As you might expect from such a self-aware young man, Stefan came up with the “wild idea” as he put it, to join the Coast Guard all by himself. It seems the Coasties are like a big fraternity ready to spring into action to help others when the call comes. Stefan wants to do his best to make a difference, he says modestly. His preparation, he said, was sailing with his parents, traveling by himself, and living in a boarding school community. He thoroughly explored the Big Sur wilderness as a kid, and, as a competitive gymnast since he was 9 years old, he brings a high level of physical fitness to the job.

Self-sufficiency in the natural elements seems to be a practice and a goal. When I ask what he liked best about growing up in Big Sur, his eyes sparkle and he says, immediately, “The woods. Being able to run out into the woods, fend for myself, and come back and say hey, I did this. The freedom of it.” By himself or with a friend, Stefan spent a lot of time in the forest growing up on Partington. The time of year he likes best there? “Winter, when it’s down pouring rain, that was the most fun.”

The downside to being a kid in Big Sur, he says, is “being so far from everything. Like, I want to go do this, but we can’t because it takes too much time to get there.” Yes, we can relate to that one.
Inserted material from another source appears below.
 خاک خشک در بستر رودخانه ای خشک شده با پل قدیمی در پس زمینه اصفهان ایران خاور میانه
It’s a matter of taking the good with the bad, but it does seem to be harder on younger folks.

Stefan will be learning navigational skills working on the Buckthorne, a buoy tender on the Great Lakes. Buoy tenders are the Coast Guard’s unsung heroes: it’s tough as nails work, and ensures the safety of ships throughout the region. Sailors rely on buoys the way airline pilots rely on landing lights, says the Coast Guard literature. Fortunately he’s beginning his service in the Springtime of this notoriously cold part of the country.
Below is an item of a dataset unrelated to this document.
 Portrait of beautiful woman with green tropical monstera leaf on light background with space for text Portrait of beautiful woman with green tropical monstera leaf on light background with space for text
The Great Lakes were formed during the last Ice Age, about 14,000 years ago, and the temperature there today was 46 degrees, dropping to 30 degrees (in other words, they’re expecting snow on this early April evening.) Considering Stefan’s least favorite memory of basic training was a midnight fire drill that left him outside in very cold weather in his skivvies, we imagine he’ll be dressing warmly.

Right now it seems Stefan’s biggest problem is listening to his Mom rave about his accomplishments, and about the first-class treatment they received at the Admiral’s Club in the airport. “Hey, give her a break,” we say, “she’s a Mom, after all!” And, fitting for any discussion involving sailors, we debate the pros and cons of different tattoos, what the Coast Guard allows and what it doesn’t (no graphics above the collar of your shirt, for example.)

That evening, all the adults are moved by the potency of Stefan’s fresh start in a new world, where he’ll be following his dream and helping others along the way. Youth, strength, integrity, awareness, Stefan embodies all of these qualities profoundly.

As we start to give him advice for his future though, a neighbor who’s a veteran laughs at us. He’s more interested in pay and benefits (Stefan will make about 7 times what he made per month in the Marines in the 60’s.) The idea of sending Mom pictures of his apartment elicits a snort: “I would never have shocked my mother that way,” he says to me, discreetly.

Soft buzz cut hair with v-like pattern on top of his head, slate blue eyes, old soul smile. Hood pulled over one side of his face, napping after dinner with his head resting on his dog’s belly…we wonder where the world will take Stefan on this next adventure, what challenges he will face, what dreams he will fulfill. It's comforting to know though, that where ever he goes, he will be piloting his own ship.